I’ve sometimes wondered if I’m just experiencing the Red Toyota Effect, which works like this: While shopping for a car, you make up your mind that you want a red Toyota … and soon after, you start noticing them all over the place, which leads you to think, “Holy moly! Everyone’s buying red Toyotas all of a sudden!” In fact, the red Toyotas were always there. You’re just noticing them now because owning a red Toyota is on your mind.
Sure, I’ve got diet on my mind. I write about diet, I think often about diet, I hang out in social media sites where the subject is diet. But I don’t believe I’m experiencing the Red Toyota Effect. I think there’s a real shift happening out there.
For starters, I keep seeing more mainstream media articles declaring that – surprise! — saturated fat doesn’t cause heart disease after all. Here are some quotes from an article in the U.K. Telegraph with the headline No link found between saturated fat and heart disease:
For the health conscious reader who has been stoically swapping butter for margarine for years the next sentence could leave a bad taste in the mouth.
Scientists have discovered that saturated fat does not cause heart disease while so-called ‘healthy’ polyunsaturated fats do not prevent cardiovascular problems.
In contrast with decades old nutritional advice, researchers at Cambridge University have found that giving up fatty meat, cream or butter is unlikely to improve health.
They are calling for guidelines to be changed to reflect a growing body of evidence suggesting there is no overall association between saturated fat consumption and heart disease.
Earlier this month Dr James DiNicolantonio of Ithica College, New York, called for a new public health campaign to admit ‘we got it wrong.’ He claims carbohydrates and sugar are more responsible.
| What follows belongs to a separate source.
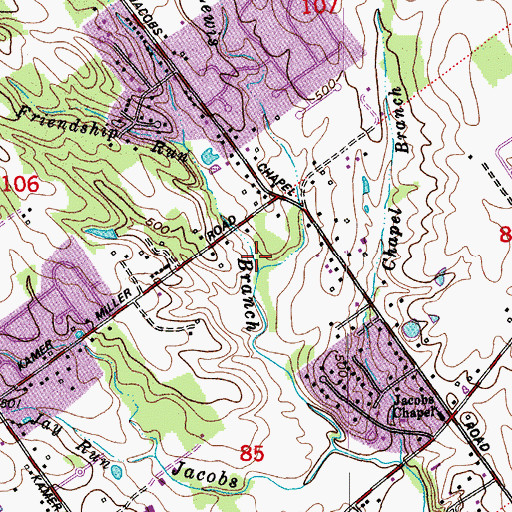 Topographic Map of Friendship Run, IN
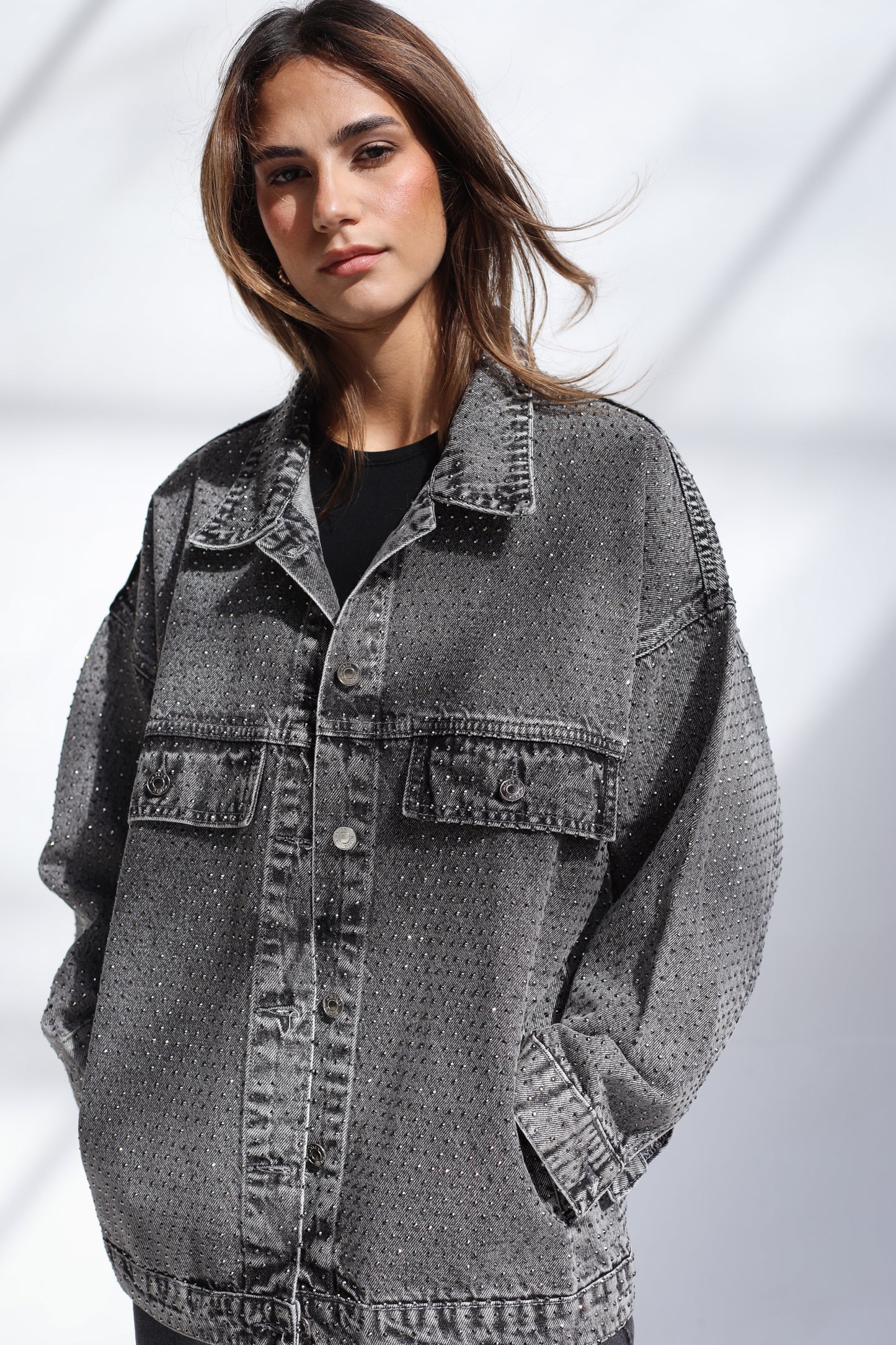 You’re A Gem Denim Jacket in Grey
Admit we got it wrong …. Yeah, that would be awesome. Despite my optimism about a big shift within the public at large, I don’t expect a We Got It All Wrong announcement from the USDA anytime soon. They are, however, slooooowly backing away from some of the advice they’ve been handing down for the past 35 years. Here are some quotes from a Forbes article titled Fat Is Back: Time To Stop Limiting Dietary Fats, Experts Say:
The latest version of the Dietary Guidelines for Americans – the government-sanctioned recommendations about what we should and shouldn’t eat – will include a game-changing edit: There’s no longer going to be a recommended upper limit on total fat intake. This hasn’t gotten as much press as the other big change – that cholesterol will no longer be considered a “nutrient of concern,” meaning that we can now eat eggs without feeling guilty.
But as the authors of a new paper in the Journal of the American Medical Association point out, the true game-changer in the new recommendations is that we won’t have to worry so much about the total fat content of our food. And this makes a lot of sense, since in many ways, fats are much better for us than what they’ve typically been replaced with in low-fat diets – refined carbs and added sugars.
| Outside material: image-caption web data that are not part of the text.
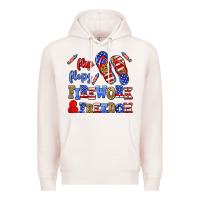 Pale Pink flip flops fireworks and freedom Premium Hoodie - AdoDesignShop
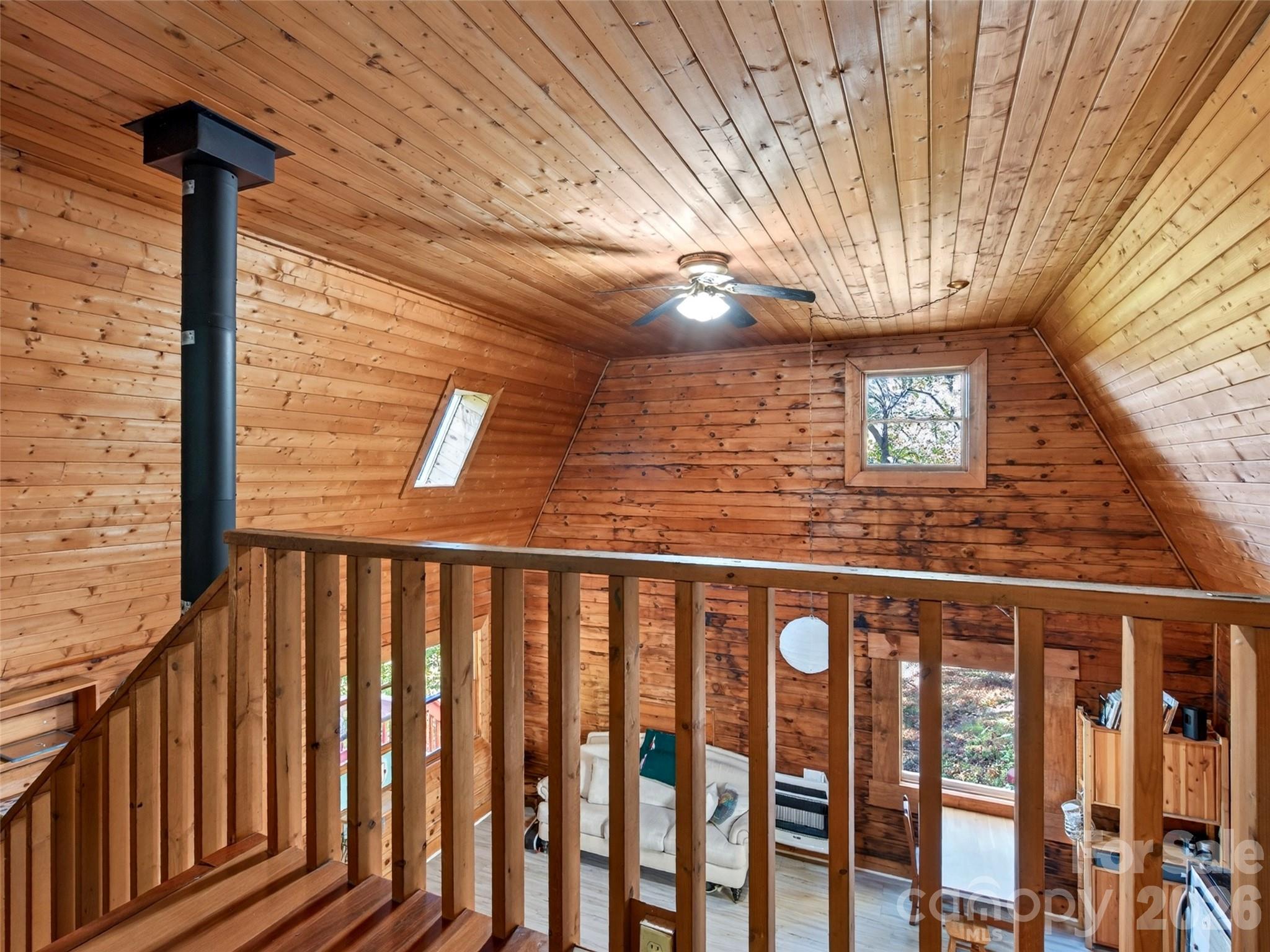 Warm-toned wood walls - 335 Moody Cove Road, Weaverville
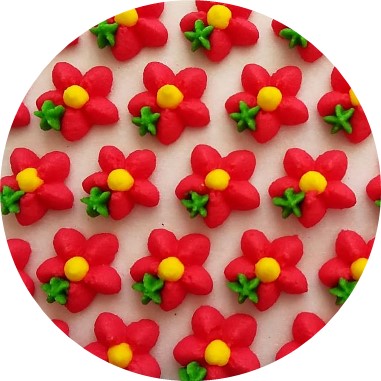 Cukrová ozdoba kvietok červený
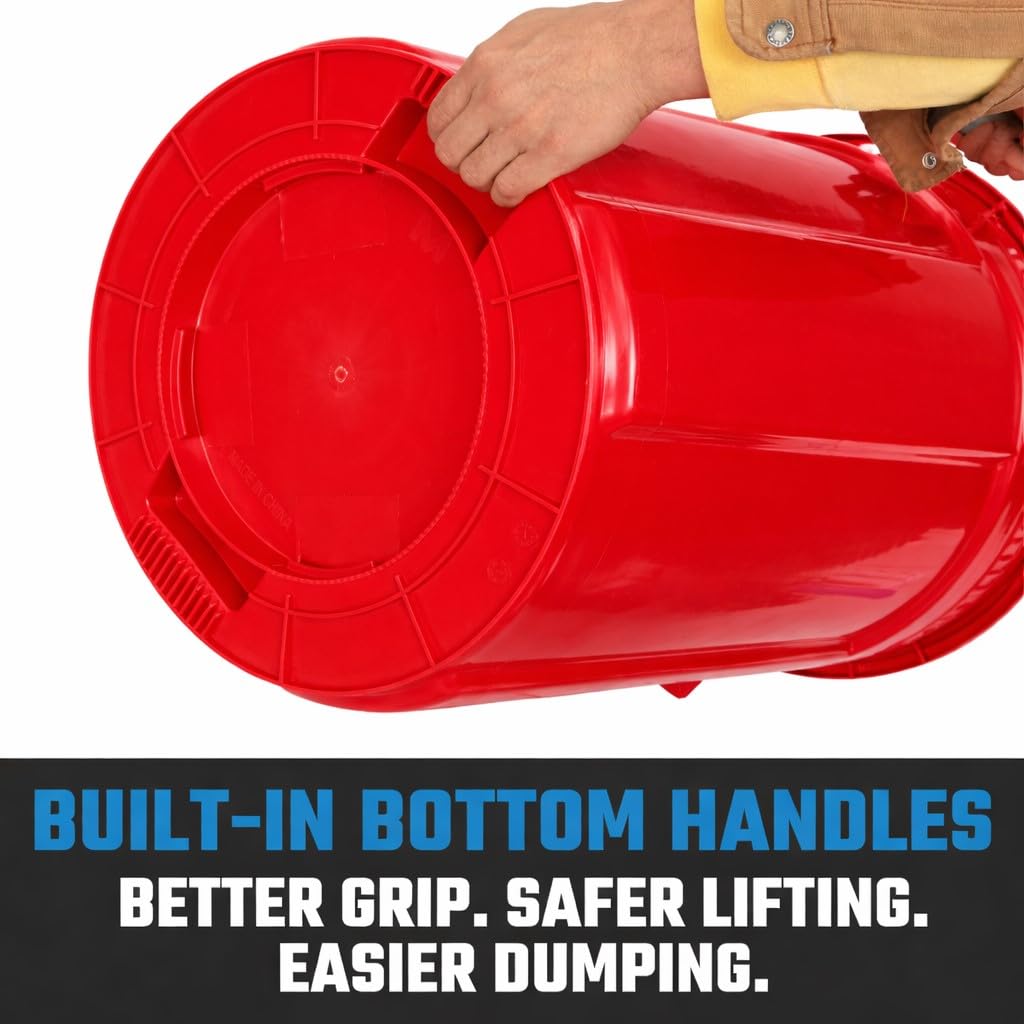 Magnum Red 44 Gallon Trash Can Set (Trash Can, Quiet Dolly, and Reinforced Lid), Construction Grade, Jobsite Ready for Handling and Rolling Garbage CMTC-CLD0-44R01 (1 Set)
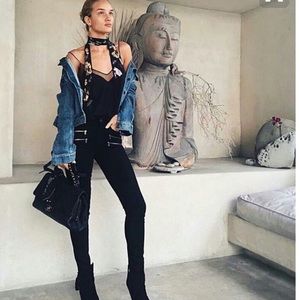 PAIGE Edgemont zipper skinny jeans in black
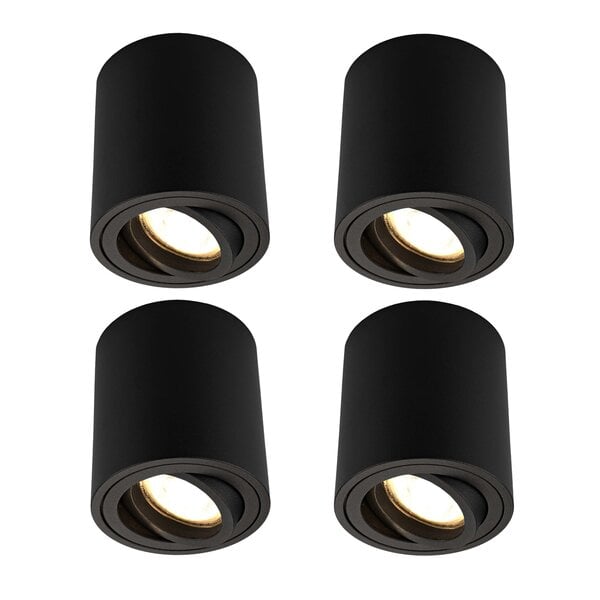 Ledvion 4x Dimbare LED Opbouwspot  - Rond - Zwart - 5W - 2700K - Kantelbaar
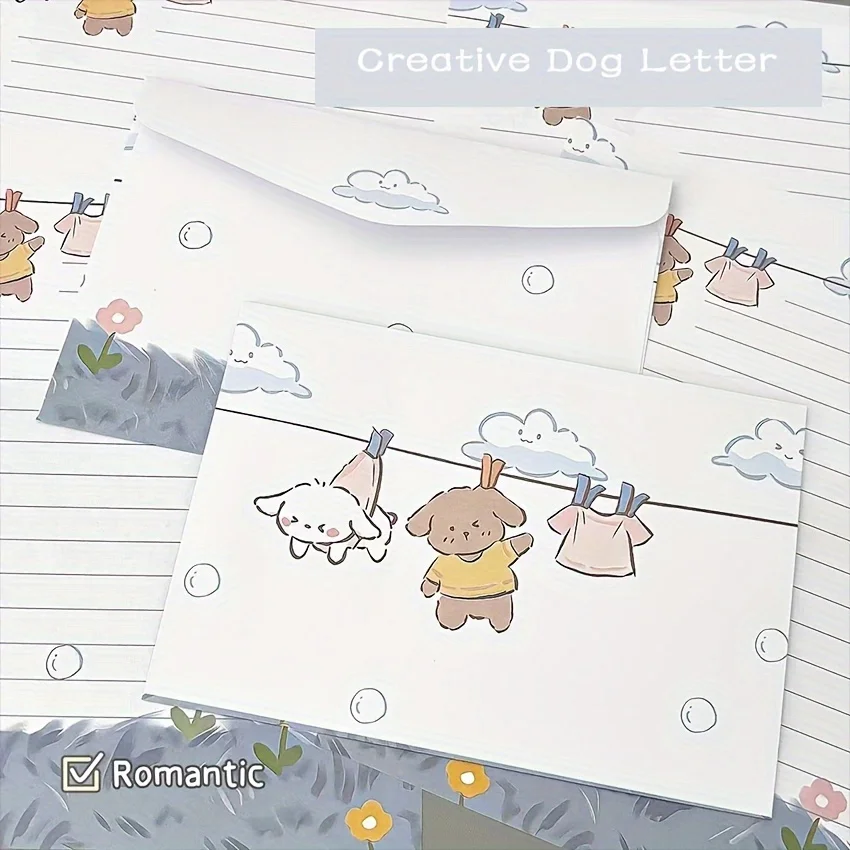 4 charming puppy and floral letter sets with envelopes-creative handwritten stationery for students, holidays, and birthdays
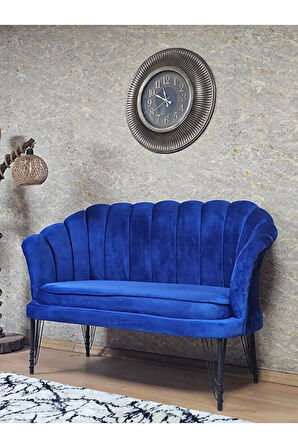 İkili İstiridye Siyah Boyalı Telli Ayak Çay Seti Koltuk Tekli Berjer , İkili Berjer Koltuk Mavi Renk 110 x 48 Boyut/Ebat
For people who lived through the low-fat/no-fat craze that started in the 80s, this is big news. The change in fats recommendations has been coming for some time now, as studies have consistently shown that low-fat diets are in no way the beacon they once seemed to be, and can in fact be quite unhealthy over the long-term.
The USDA (ahem) “experts” are willing to admit that cholesterol is no longer a “nutrient of concern,” but can’t quite bring themselves to say saturated fat is okay. However – and this is huge, since so many people get their dietary advice from registered dieticians – the Academy of Nutrition and Dietetics has already jumped ahead of the USDA. The organization’s official commentary on the latest USDA guidelines first praises the USDA for its efforts, then disputes much of what the USDA has to say.
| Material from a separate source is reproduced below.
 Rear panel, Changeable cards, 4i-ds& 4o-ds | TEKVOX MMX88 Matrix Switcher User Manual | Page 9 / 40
Dr. Stan De Loach (who has been recommending a high-fat, real-food diet to patients in Mexico for years) summarized the points made by the Academy of Nutrition and Dietetics:
1. Cholesterol contained in food items is NO LONGER a nutrient of interest or concern. That is, limiting cholesterol (egg yolks, for example) in the food plan makes no sense because there is no trustworthy scientific evidence that it may produce negative or harmful effects on the human body or cardiovascular system.
2. NO scientific consensus or concrete scientific evidence exists that could justify the recommendation that the quantity of dietary salt (sodium) be limited. This long-standing recommendation to not consume salt freely has been overturned. Moreover, the Report mentions that probably and certainly “there are persons who are NOT consuming a SUFFICIENT amount of sodium.”
3. “Not a single study included in this revision of the dietary recommendations meant to prevent cardiovascular disease was able to identify saturated fat as an element in the diet that has an unfavorable or adverse association to cardiovascular disease.” The experts recommend de-emphasizing saturated fat as a nutrient of interest or concern.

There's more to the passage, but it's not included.